The politics have changed profoundly in the Republican Party as well. Had a Democratic president tried to push through such changes in USMCA, Republicans would have denounced the deal as a socialist abomination. It goes much further to address Democratic concerns than Republicans and their big corporate backers had ever been willing to consider. Many Republicans opposed Obama’s TPP, for example, because it was seen as too weak in protecting the interests of pharmaceutical companies, but the USMCA does even less for the drug companies than TPP. Yet Republicans will ignore the complaints from the industry and vote for the deal anyway. Trump has remade the GOP into a party of economic nationalism, and his congressional supporters will follow lockstep in approving the USMCA.

What does this mean for the rest of the world? It will not have gone unnoticed that Canada and Mexico had to negotiate twice to get this deal—first with the Trump administration, and again with House Democrats. Mexico in particular was forced to swallow a series of provisions on labor rights that could be seen as threats to Mexico’s sovereignty. But both Mexico and Canada are so dependent on the huge U.S. market that they had no choice but to find a way to yes. Richard Neal, the Democratic chairman of the House Ways and Means Committee, said candidly: “They conceded just about every point we asked for.” He went on to say the USMCA would now be “a template for future trade agreements.”

But if this new hybrid of Trumpian nationalism and Democratic progressivism is what it now takes to do trade deals with the United States, there may be very few takers. China, for instance, has so far resisted the Trump administration’s demands for wholesale reforms to its economic model—demands that enjoy widespread support among both Republicans and Democrats. The European Union would support many of the Democratic objectives on labor, environment, and investor rights, but has resisted Trump’s demands on agriculture and the U.S. trade deficit with Europe.

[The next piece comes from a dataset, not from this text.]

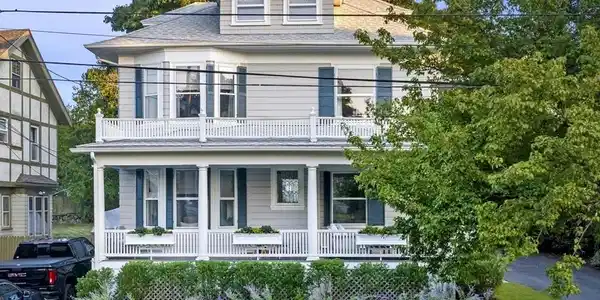 145 Elmwood Rd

In the WTO, the Trump administration’s complaints over what was seen as over-reach by the Appellate Body, the final court of appeal in trade disputes, were shared by the Obama administration. But the United States has been unable to persuade other WTO members to undertake big reforms, and instead has let the Appellate Body die by refusing to permit the appointment of new judges. Democrats in Congress have yet to raise a whisper of protest. And so other countries are now scrambling to find new ways to resolve trade disputes among themselves rather than acceding to U.S. demands.

The genius of Putnam’s theory was to show that international agreements only come about, and can only be sustained, when both levels—the domestic and the international—line up properly.

With the USMCA deal, the United States may have found a way back to bipartisan consensus on trade. But it may also be a very lonely spot.